> _EXERCISE DIRECTIONS_:
Print the lines below from the line with "<p>icu</strong>,突发异动!超4000股下跌,原因找到了!" to the line with "2019年单招学什么好,2019年学什么好就业" exactly, keeping both ends, and print no pictures.

┌─ DATA SHOWN

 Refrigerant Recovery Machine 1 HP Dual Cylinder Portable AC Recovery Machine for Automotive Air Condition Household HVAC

└─
┌─ DATA SHOWN

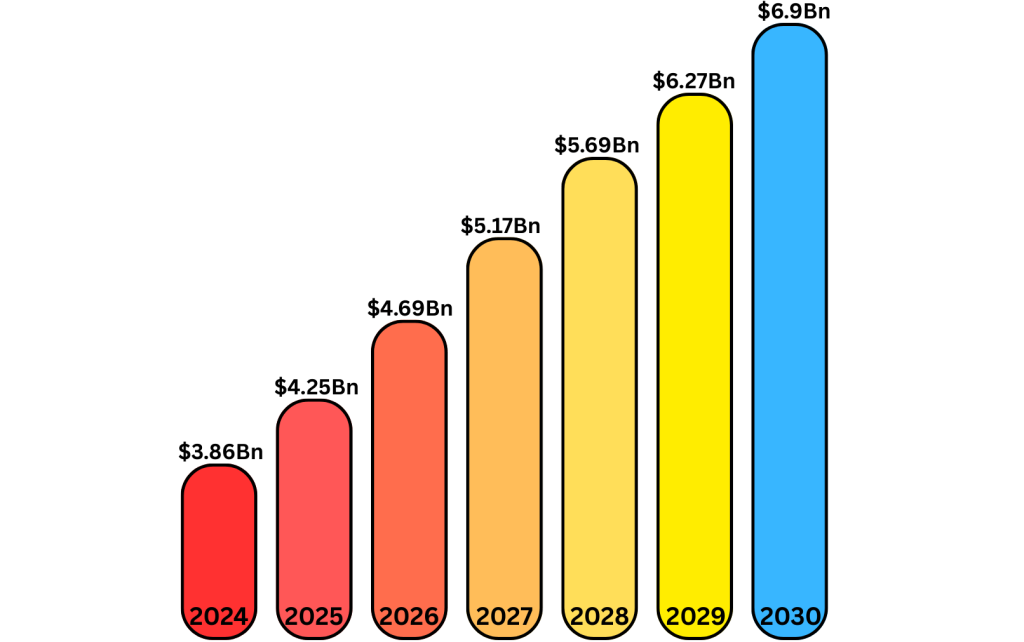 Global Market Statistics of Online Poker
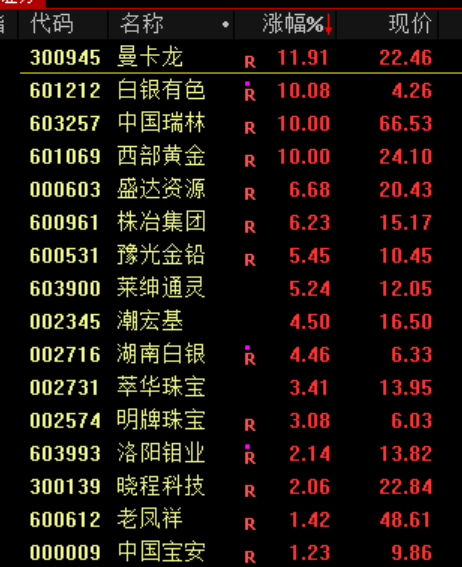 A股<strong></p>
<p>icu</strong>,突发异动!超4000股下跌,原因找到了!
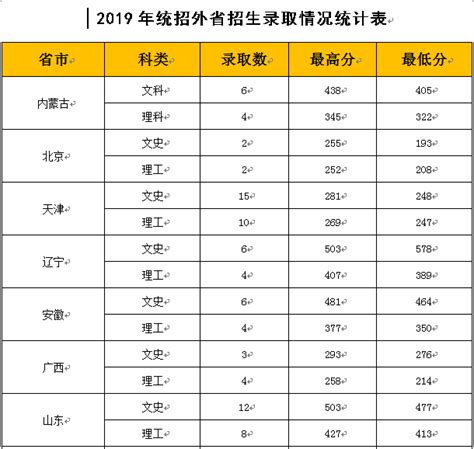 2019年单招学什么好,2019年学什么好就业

└─

> _PROBLEM SOLUTION_:
<p>icu</strong>,突发异动!超4000股下跌,原因找到了!
 2019年单招学什么好,2019年学什么好就业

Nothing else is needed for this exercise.